Starting on July 12, the company will be significantly reducing upstream speeds across most of its broadband tiers for new users. For example, users on the company’s 100 Mbps downstream tier will see their upstream speeds slashed from 35 Mbps to just 5 Mbps. Users on its 200 Mbps tier will see their upstream speeds reduced from 35 Mbps to 10 Mbps.
The changes won’t impact existing users for now, but users hoping to switch plans or nab a new bundle promotion will inevitably be shoveled toward the new, slower tiers.
Altice, which acquired U.S. cable company Cablevision and its Optimum broadband service in 2016, told Ars Technica that the changes were not due to any performance issues on the network. Instead, Altice claimed the changes were an attempt to bring the company’s service speeds "in line with other ISPs and aligned with the industry."
In short, Altice intends to take full advantage of limited competition and feckless government oversight by charging users more money for a worse product.
“This is jaw-droppingly perverse logic—and a neat parable about the problems of market-based service provision without competition,” activist and author Cory Doctorow said of the company’s plans. “It’s not always the case that competition sends corporations on a race to the top — but for-profit monopolies always race to the bottom.”
Up to 42 million Americans lack access to broadband. 83 million currently live under a broadband monopoly where they have the choice of just one ISP—usually Comcast. Millions more live under a duopoly, where their only choice consists of a cable giant or a phone company that has often neglected its DSL lines and aging infrastructure.
With virtually no competition at faster speeds, entrenched cable providers have little incentive to compete on price, shore up spotty coverage, or improve what is historically terrible customer service.

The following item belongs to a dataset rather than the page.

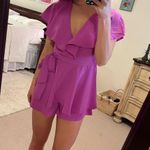 Pink Lily Romper Photo 0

And with regulators and lawmakers heavily lobbied by the same companies, US leaders routinely turn a blind eye to this very profitable dysfunction.
Frustrated by this gridlock, more than 750 US towns and cities have pursued some variation of community-owned broadband. Studies have shown such home-grown networks routinely provide faster broadband service at significantly lower rates.
But prodded by telecom giants, 17 States have monopoly-backed laws restricting community broadband. Ohio lawmakers are currently debating embedding new restrictions that would be included as part of a budget bill. Last February, House Republicans proposed a new law that would have banned community broadband in the US entirely.
The Biden administration’s vague $100 billion broadband plan originally included a promise to fund community broadband. But it’s unclear if such a promise will survive Congressional infrastructure negotiations, which have already reduced the proposal’s scope by $35 billion in a bid to gain Senate Republican approval.
“Public broadband provision is a no-brainer, just like electrification and interstates — essential public goods that require large-scale, muscular government intervention to weld the nation together and propel it into the future,” Doctorow said.